YESTERDAY we carried a report on the strike by almost 100 City of Harare workers who are protesting over the non-payment of their salaries for several months.
It is sad that the situation has been allowed to get to this point.
Service delivery in the capital has over the years plummeted to an all-time low, and the strike by the city’s workers is only set to exacerbate the problem.
The striking workers, we are told, were later removed by riot police.
Regrettably the city management chose to convey the supposed good news to the workers through a police officer that their salaries would be deposited into their accounts later yesterday. It must be pointed out that it cannot be bad than that especially if management can choose not to address issues at the heart of the shop floor workers.
It is our hope that this was not just a ruse to get the workers away from the offices where they were staging their demonstration because the bottom line is the city employees have to be paid the money they are owed.
It goes without saying that the council employees have always been sacrificed at the expense of politically inclined senior management who have been enjoying the fruits of workers’ sweat without also remunerating them. Besides, service delivery in the city of government is pathetic, yet residents continue to pay their rates.
It is cruel to let workers continue to provide their labour for six months without paying them anything. The city has to take advantage of its various facilities, some of which are being under-utilised, to raise money rather than just rely on struggling residents.

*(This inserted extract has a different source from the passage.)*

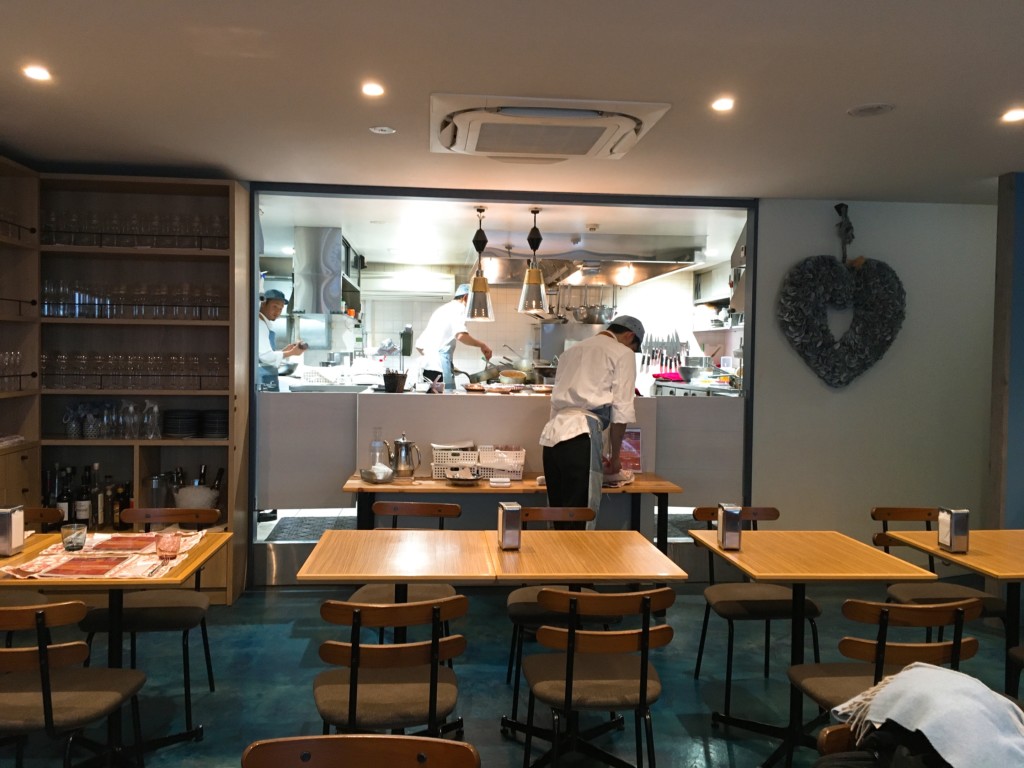 ロットチェント店内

This is a problem that has to be confronted head-on, not only in Harare, but in all municipalities around the country. We understand that massive demonstrations in the country’s local authorities are looming, with those in Gweru having already engaged in protests likely to cripple urban centres as angry workers protest over non-payment of salaries.
Chitungwiza workers have also gone for several months without salaries while Mutare was also reportedly facing similar challenges.
The saddest thing about what’s happening in Harare is that council management can afford to spend big on expensive vehicles and pocket thousands of dollars in allowances while the workforce goes for so long without a penny. They have to be realistic.
Discussions will not bring food on the table. Discussions are a waste of time when the local authority clearly has its priorities misplaced, pocketing huge perks while seeking to appease the abused workforce through dialogues that will not bring solution.
We believe it is important for public entities to prioritise the welfare of their employees.